COUR D'APPEL
D'[Localité 3]
CHAMBRE A - COMMERCIALE
CC/ILAF
ARRET N°:
AFFAIRE N° RG 23/01550 - N° Portalis DBVP-V-B7H-FGYU
ordonnance du 03 Août 2023
Président du TJ d'[Localité 3]
n° d'inscription au RG de première instance 23/00383
ARRET DU 11 JUIN 2024
APPELANT :
Monsieur [I] [L]
né le 21 Février 1986 à Bamako (49800)
[Adresse 5]
[Localité 2]
Représenté par Me Helene DOUMBE, avocat au barreau d'ANGERS
INTIMEE :
S.C.I. BADJI
[Adresse 1]
[Localité 2]
N'ayant pas constitué avocat
COMPOSITION DE LA COUR
L'affaire a été débattue publiquement à l'audience du 08 Avril 2024 à 14'H'00, les avocats ne s'y étant pas opposés, devant Mme CORBEL, présidente de chambre qui a été préalablement entendue en son rapport.

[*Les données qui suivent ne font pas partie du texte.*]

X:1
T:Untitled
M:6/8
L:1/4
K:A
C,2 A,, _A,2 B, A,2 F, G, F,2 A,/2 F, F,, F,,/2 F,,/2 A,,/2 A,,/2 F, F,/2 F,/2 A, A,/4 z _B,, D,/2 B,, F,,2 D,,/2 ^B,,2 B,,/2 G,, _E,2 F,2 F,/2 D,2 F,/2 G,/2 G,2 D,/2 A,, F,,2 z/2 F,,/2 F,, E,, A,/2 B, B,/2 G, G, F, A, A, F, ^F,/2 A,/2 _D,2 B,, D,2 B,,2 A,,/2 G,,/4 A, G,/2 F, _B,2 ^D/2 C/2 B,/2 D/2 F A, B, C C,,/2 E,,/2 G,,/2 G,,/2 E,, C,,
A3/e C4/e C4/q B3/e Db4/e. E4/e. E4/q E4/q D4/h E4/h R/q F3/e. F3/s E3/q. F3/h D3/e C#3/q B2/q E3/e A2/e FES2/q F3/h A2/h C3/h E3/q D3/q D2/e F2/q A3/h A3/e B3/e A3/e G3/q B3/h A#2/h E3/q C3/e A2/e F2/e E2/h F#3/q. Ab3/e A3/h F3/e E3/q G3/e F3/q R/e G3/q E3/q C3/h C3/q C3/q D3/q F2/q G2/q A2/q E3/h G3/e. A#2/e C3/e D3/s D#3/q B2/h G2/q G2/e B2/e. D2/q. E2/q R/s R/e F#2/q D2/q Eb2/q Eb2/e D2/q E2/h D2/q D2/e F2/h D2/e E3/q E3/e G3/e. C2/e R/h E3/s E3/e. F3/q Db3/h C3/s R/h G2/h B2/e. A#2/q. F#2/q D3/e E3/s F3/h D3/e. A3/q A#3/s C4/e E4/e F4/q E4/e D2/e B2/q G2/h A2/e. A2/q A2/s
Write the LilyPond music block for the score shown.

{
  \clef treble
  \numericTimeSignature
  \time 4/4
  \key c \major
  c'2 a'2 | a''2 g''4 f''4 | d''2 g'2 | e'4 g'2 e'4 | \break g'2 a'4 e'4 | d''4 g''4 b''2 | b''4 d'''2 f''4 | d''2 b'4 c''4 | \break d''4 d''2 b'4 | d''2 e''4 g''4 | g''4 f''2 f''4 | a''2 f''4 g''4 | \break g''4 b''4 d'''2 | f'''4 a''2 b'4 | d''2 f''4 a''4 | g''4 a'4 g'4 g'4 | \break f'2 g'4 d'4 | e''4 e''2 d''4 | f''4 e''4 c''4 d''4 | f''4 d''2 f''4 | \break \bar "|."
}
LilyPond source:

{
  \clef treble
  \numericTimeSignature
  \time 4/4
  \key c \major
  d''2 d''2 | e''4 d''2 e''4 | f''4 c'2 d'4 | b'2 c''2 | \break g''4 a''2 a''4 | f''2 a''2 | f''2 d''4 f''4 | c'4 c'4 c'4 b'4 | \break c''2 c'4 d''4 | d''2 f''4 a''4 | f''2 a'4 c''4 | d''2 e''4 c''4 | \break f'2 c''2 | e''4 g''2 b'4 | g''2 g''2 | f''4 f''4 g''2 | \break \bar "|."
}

Ce magistrat a rendu compte des plaidoiries dans le délibéré de la Cour, composée de :
Mme CORBEL, présidente de chambre
M. CHAPPERT, conseiller
Mme GANDAIS, conseillère
Greffière lors des débats : Mme TAILLEBOIS
ARRET : défaut
Prononcé publiquement le 11 juin 2024 par mise à disposition de l'arrêt au greffe de la cour, les parties en ayant été préalablement avisées dans les conditions de l'article 450 du code de procédure civile ;
Signé par Catherine CORBEL, présidente de chambre et par Sophie TAILLEBOIS, greffière à laquelle la minute de la décision a été remise par le magistrat signataire.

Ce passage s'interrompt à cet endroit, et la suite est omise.